The Ability of Bone Mineral Density and Microstructural Indices to Reflect Mechanical Properties of Trabecular Bone

Abstract

PURPOSE: The goals of this experimental study were to (1) apply high-resolution imaging techniques (micro-CT imaging) in combination with new computer modeling techniques (FEA) to quantify 3D microstructural and biomechanical properties of trabecular bone in the intertrochanteric region (2) investigate contribution of bone mineral density (BMD) and microstructure of trabecular bone to predicting its mechanical property, i.e., elastic modulus, and (3) determine if the prediction of bone elastic constant can be improved when BMD is combined with any one structural index, or the structural indices are associated each other as independent variable. MATERIALS AND METHODS: Total 15 trabecular bone core specimens were obtained from the proximal femurs with patients undergoing to total hip arthroplasty. BMD of all bone cores was measured using PIXImus2 densitometer. A high-resolution microcomputed tomography (micro-CT) was used to scan each specimen to obtain histomorphology. Microstructural parameters such as bone volume fraction (BV/TV), trabecular number (Tb.Th), trabecular separation (Tb.Sp) were directly calculated from the 2-D and 3-D datasets, and then the hexahedron mesh models were created. Micro-finite element analysis was performed to derive indices of mechanical properties of trabecular bone. The multiple relationships among BMD, structural parameters and mechanical indices were assessed using linear regression analyses. A p value<0.05 was considered to be significant. RESULTS: Linear regression analysis showed that the BV/TV was the best predictor for Young’s modulus (R²=0.758, p<0.001), as well as BMD (R²=0.752, p<0.001). The structure model index (SMI), Tb.Sp and Tb.N could well explain the variance of Young’s modulus by 51%, 42% and 39%, respectively. If BMD is supplemented with any of the examined structural indices there is a clear improvement for predicting Young’s moduli. Likewise, the ability to explain variance of Young’s modulus is improved by combining the structural indices each other. CONCLUSION: A combination of microstructural parameters each other or with bone mineral measurements could provide the best prediction of mechanical property of cancellous bone. Therefore, as regards detection of osteoporosis and evaluation of the efficacy of drug treatments for osteoporosis, BMD measurement should be supplemented with assessment of bone microarchitecture in vivo.

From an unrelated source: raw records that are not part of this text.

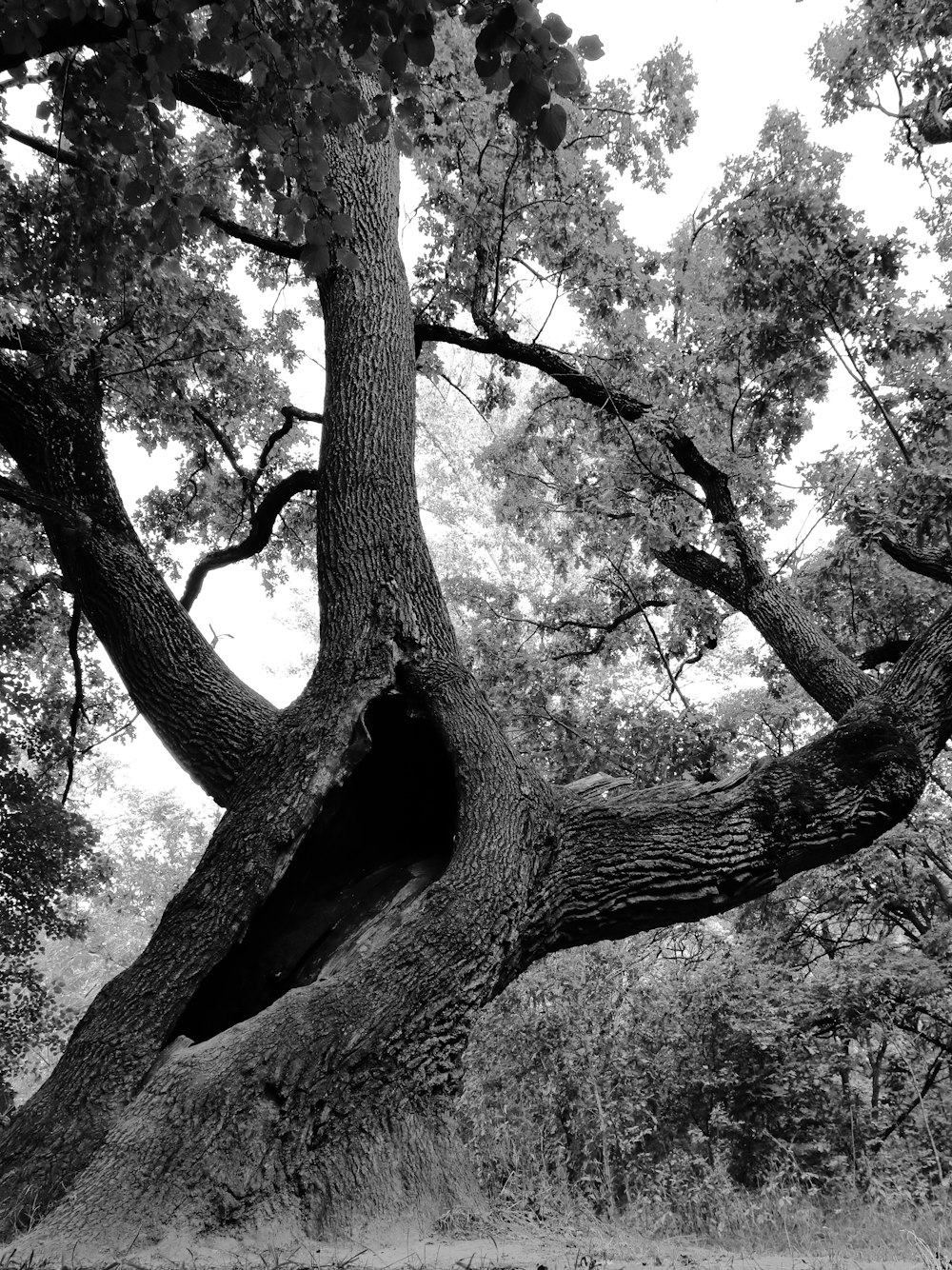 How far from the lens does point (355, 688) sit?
3840mm

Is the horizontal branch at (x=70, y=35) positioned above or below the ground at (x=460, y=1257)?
above

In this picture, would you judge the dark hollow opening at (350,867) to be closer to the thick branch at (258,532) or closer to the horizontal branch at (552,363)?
the thick branch at (258,532)

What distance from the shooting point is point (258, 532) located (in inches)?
248

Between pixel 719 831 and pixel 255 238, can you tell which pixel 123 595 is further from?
pixel 719 831

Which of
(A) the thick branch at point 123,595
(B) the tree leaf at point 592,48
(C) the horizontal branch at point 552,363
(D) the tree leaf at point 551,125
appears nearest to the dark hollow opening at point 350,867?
(A) the thick branch at point 123,595

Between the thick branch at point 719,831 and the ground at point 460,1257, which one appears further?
the thick branch at point 719,831

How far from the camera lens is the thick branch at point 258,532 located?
604 cm

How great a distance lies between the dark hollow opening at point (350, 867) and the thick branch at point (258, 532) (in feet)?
8.68

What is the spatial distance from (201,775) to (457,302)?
5216 mm

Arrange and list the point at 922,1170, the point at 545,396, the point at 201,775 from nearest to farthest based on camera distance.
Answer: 1. the point at 201,775
2. the point at 922,1170
3. the point at 545,396

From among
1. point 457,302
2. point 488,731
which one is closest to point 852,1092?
point 488,731

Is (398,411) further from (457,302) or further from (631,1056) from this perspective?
(631,1056)

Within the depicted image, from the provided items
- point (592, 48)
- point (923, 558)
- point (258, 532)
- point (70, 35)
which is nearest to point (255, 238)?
point (258, 532)

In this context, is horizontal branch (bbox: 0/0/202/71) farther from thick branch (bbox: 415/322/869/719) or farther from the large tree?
thick branch (bbox: 415/322/869/719) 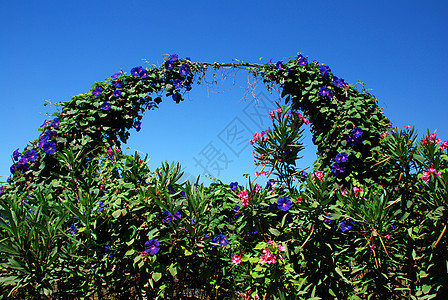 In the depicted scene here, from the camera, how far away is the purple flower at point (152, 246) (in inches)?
76.4

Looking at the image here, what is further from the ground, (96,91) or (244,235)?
(96,91)

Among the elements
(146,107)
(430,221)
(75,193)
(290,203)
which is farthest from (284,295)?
(146,107)

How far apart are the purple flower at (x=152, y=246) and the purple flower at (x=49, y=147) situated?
202 centimetres

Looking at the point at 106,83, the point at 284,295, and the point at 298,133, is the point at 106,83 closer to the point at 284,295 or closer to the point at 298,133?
the point at 298,133

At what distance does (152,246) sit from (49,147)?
209cm

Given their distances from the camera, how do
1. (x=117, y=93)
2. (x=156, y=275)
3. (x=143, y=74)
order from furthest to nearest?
(x=143, y=74)
(x=117, y=93)
(x=156, y=275)

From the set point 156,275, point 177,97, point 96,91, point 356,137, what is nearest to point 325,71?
point 356,137

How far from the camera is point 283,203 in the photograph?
2.17m

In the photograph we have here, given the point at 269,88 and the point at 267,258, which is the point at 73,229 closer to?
the point at 267,258

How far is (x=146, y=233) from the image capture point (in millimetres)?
2098

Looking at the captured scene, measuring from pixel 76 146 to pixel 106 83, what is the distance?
35.9 inches

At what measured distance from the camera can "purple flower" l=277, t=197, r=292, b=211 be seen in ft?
7.06

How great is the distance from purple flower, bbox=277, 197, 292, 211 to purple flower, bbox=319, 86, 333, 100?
2025 mm

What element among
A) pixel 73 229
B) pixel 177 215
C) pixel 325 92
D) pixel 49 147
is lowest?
pixel 177 215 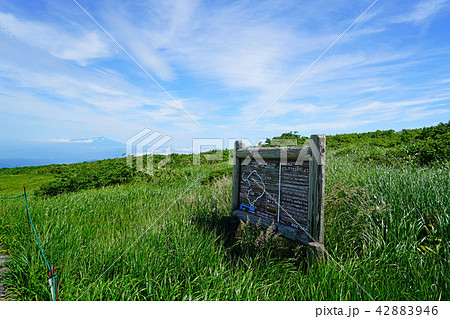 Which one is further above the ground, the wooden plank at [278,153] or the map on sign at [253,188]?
the wooden plank at [278,153]

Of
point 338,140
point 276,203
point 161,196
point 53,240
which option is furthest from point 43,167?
point 338,140

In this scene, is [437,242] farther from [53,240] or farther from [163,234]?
[53,240]

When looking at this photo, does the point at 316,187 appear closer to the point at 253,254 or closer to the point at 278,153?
the point at 278,153

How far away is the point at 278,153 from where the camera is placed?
147 inches

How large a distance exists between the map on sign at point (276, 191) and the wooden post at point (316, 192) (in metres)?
0.14

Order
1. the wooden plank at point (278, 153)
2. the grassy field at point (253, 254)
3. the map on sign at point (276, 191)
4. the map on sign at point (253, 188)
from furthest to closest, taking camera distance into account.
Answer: the map on sign at point (253, 188), the map on sign at point (276, 191), the wooden plank at point (278, 153), the grassy field at point (253, 254)

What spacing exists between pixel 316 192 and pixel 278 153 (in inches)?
30.0

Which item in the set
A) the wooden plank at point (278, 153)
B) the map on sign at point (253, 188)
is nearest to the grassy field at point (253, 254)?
the map on sign at point (253, 188)

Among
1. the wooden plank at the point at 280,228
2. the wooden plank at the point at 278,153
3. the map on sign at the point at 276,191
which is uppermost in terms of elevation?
the wooden plank at the point at 278,153

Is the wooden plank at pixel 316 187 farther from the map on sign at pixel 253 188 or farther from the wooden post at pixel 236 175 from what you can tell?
the wooden post at pixel 236 175

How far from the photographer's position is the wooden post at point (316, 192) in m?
3.18

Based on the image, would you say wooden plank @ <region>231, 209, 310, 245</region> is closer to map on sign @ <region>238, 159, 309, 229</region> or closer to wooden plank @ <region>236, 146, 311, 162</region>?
map on sign @ <region>238, 159, 309, 229</region>

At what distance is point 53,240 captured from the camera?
353cm

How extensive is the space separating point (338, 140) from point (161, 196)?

목적: 본 연구의 목적은 골밀도와 미세 골구조의 성질이 전자부 골소주의 기계적 특성(예, 탄성계수)에 미치는 영향을 연구하는 것이다. 대상 및 방법: 인공관절 전치환술을 시행 받은 15명의 환자로부터 대퇴골 전자부에서 총 15개의 고관절 골소주 시편을 채취하여, 이들을 대상으로 PIXImus2 골밀도 측정기, 고해상도 미세 컴퓨터 단층촬영기, 유한요소법을 이용하여 골밀도와 2차 및 3차원 미세구조 지수, 그리고 기계적 특성을 분석하였다. 골밀도, 구조 지수, 탄성계수 간의 상관관계를 선형회귀분석을 이용하여 통계처리 하였다. 결과: 본 연구에서 골밀도 및 골 체적비는 기계적 특성을 예측하는데 가장 중요한 인자였으며, 3 차원 미세구조지수(예를 들어 구조 모델 지수) 또한 51%정도 통계적으로 의미 있게 기계적 특성을 예측하였다. 골밀도와 미세구조지수를 조합한 경우에 탄성계수의 변화량을 예측하는데 잘 반영하였다. 결론: 골밀도와 미세구조지수를 이용한 분석은 전자부에서 탄성계수를 예측하는데 가장 좋은 방법이다.